Truckload carriers C.R. England and Knight Transportation each recently announced they were investing in new software aimed at making its routing and fuel purchasing more efficient.

C.R. England, Salt Lake City, said that it brought online load planning software from Manhattan Associates’ Carrier suite. Knight, Phoenix, said it licensed fuel pricing and routing software from TMW Systems.



C.R. England’s installation in-cludes six Manhattan modules. Not all of those are running live, but the carrier already is using two in day-to-day operations, an executive said.

“We are currently fully implemented on Driver & Load [and] on Drop & Swap,” said Ron Hall, C.R. England’s director of business strategy.

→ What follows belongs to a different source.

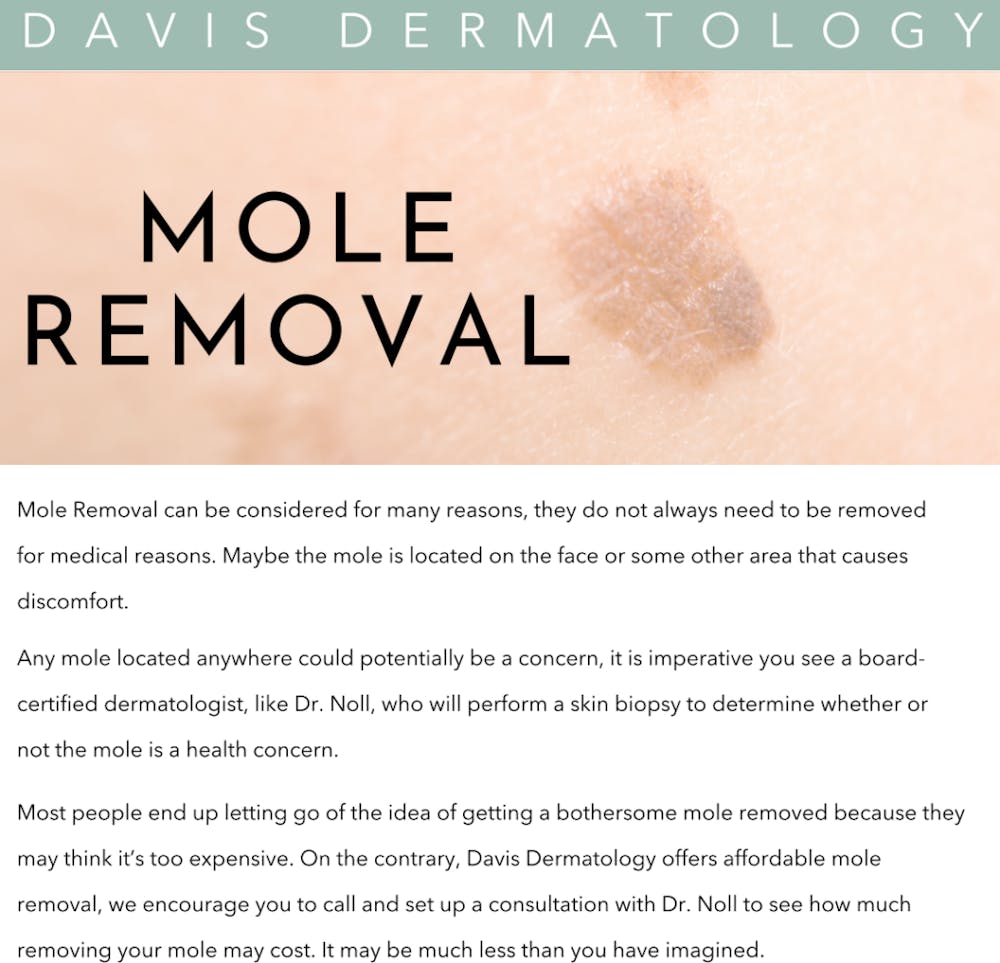 mole removal infographic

Driver & Load helps reduce the chance of a truck deadheading hundreds of miles for freight because one load planner did not realize that there was available freight closer to the truck in another load planner’s zone.

“Planners are typically geographically aligned,” Hall said. “You don’t typically see one planner looking at another guy’s workload. Driver & Load allows us to evaluate moves between [geographic] markets that make sense.”

Installing Manhattan Associates software is the latest step in what is now a three-year-old effort at C.R. England to reduce the company’s operational footprint while improving truck utilization, Hall told Transport Topics.

The carrier signed a contract with Manhattan last June and has been working on the installations ever since.

C.R. England has been active with technology rollouts this year. In May, the company installed remote trailer monitoring systems from SkyBitz.

Hall said that the deflated economy has allowed the company to redirect some personnel to help get new IT systems in place.

“You’ve got some opportunities with manpower when business slows,” Hall said. “You have an opportunity to redirect some of those resources.”

Meanwhile, Knight installed IDSC Expert Fuel, an application provided by TMW Systems of Beachwood, Ohio.

“We felt that choosing IDSC Expert Fuel was a meaningful way to lower our fuel costs,” said David Jackson, Knight’s chief financial officer.

The carrier has been running the IDSC Expert Fuel for several months but only recently disclosed the purchase, according to a joint press release that Knight and TMW issued Aug. 11.

The software that C.R. England and Knight installed fits into a category known in information technology circles as “decision support systems.”

Such systems are designed to organize operational data that are too numerous to correlate by hand, then to present the data to personnel who need it to accomplish some task.